*Exercise objective*. Each line below from the "Golden Grain Beer" line through the "Sofia Platform Black | Alexandre Birman (US)" line, those two included, must be restated word for word; the pictures must not be.

*Data extracts*.
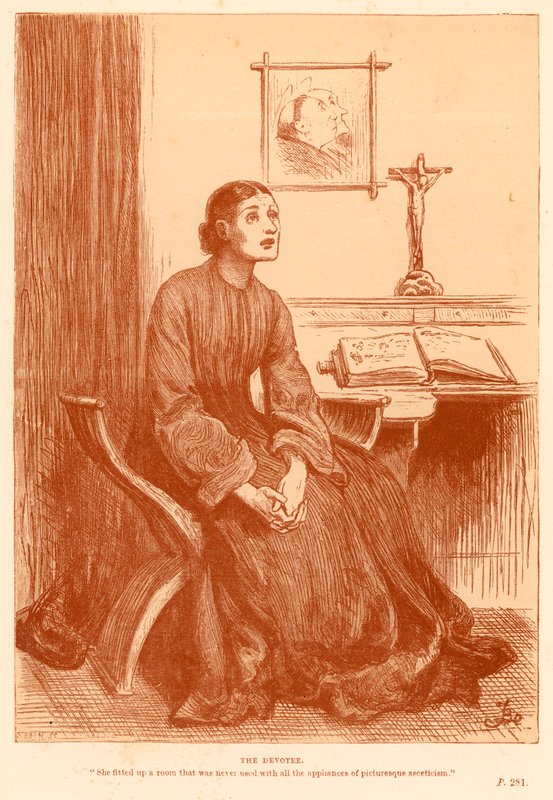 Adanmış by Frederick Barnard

* * *

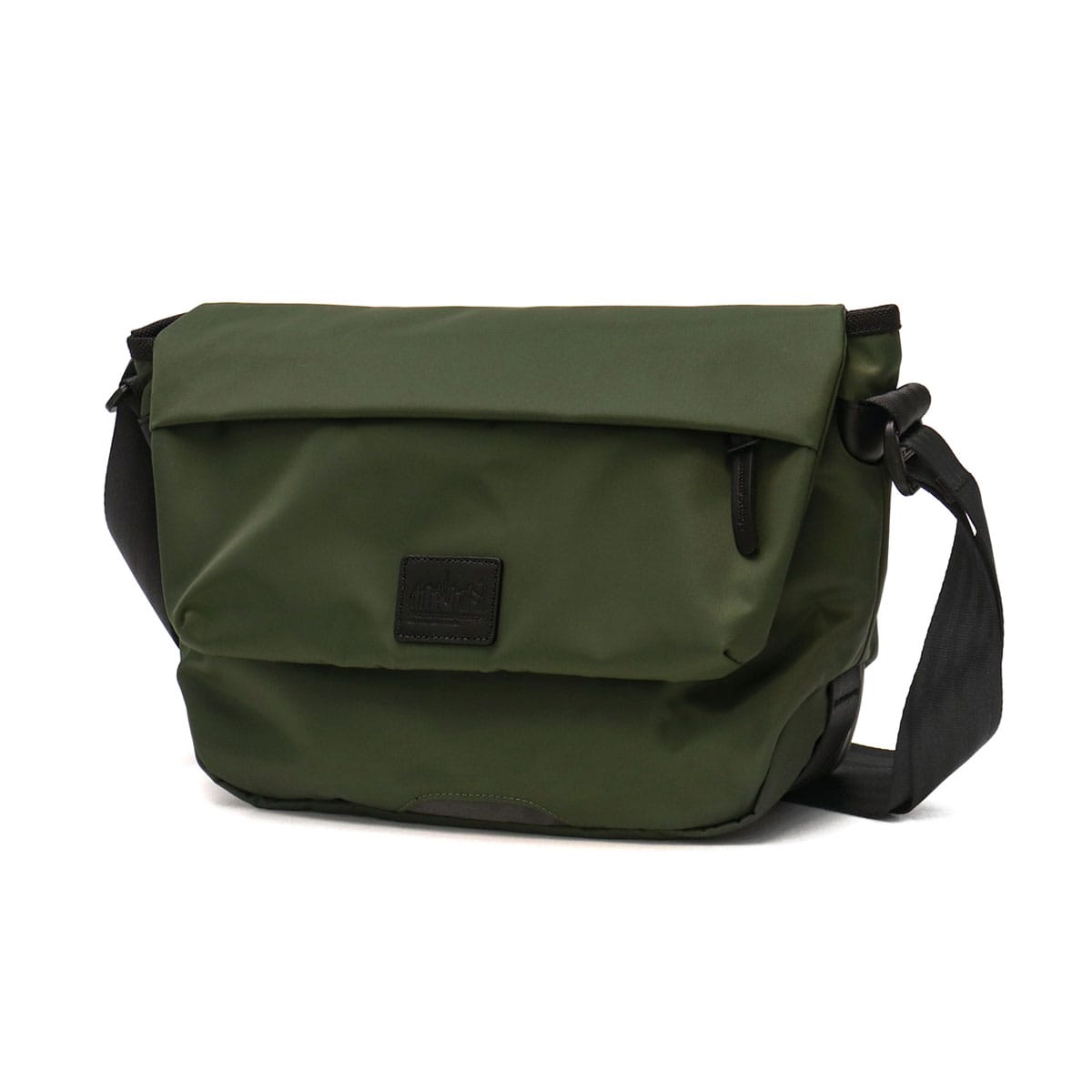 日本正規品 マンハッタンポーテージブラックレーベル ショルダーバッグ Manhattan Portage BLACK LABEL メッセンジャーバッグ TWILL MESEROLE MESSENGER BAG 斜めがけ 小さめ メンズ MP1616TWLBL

...

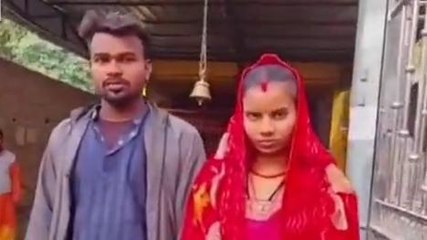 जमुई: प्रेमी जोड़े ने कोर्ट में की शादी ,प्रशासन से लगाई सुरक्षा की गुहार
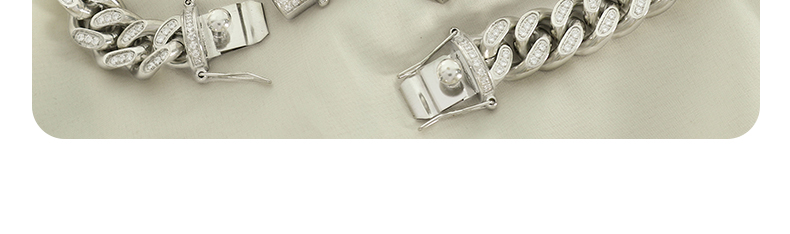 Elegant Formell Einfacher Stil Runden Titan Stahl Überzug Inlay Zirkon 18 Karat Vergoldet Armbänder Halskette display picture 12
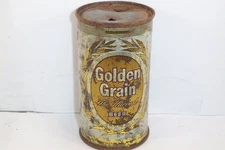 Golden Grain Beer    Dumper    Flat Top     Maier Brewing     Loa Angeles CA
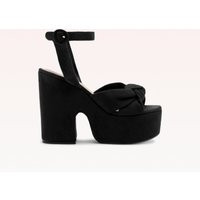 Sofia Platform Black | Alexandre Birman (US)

*Completed exercise*.
 Golden Grain Beer    Dumper    Flat Top     Maier Brewing     Loa Angeles CA
 Sofia Platform Black | Alexandre Birman (US)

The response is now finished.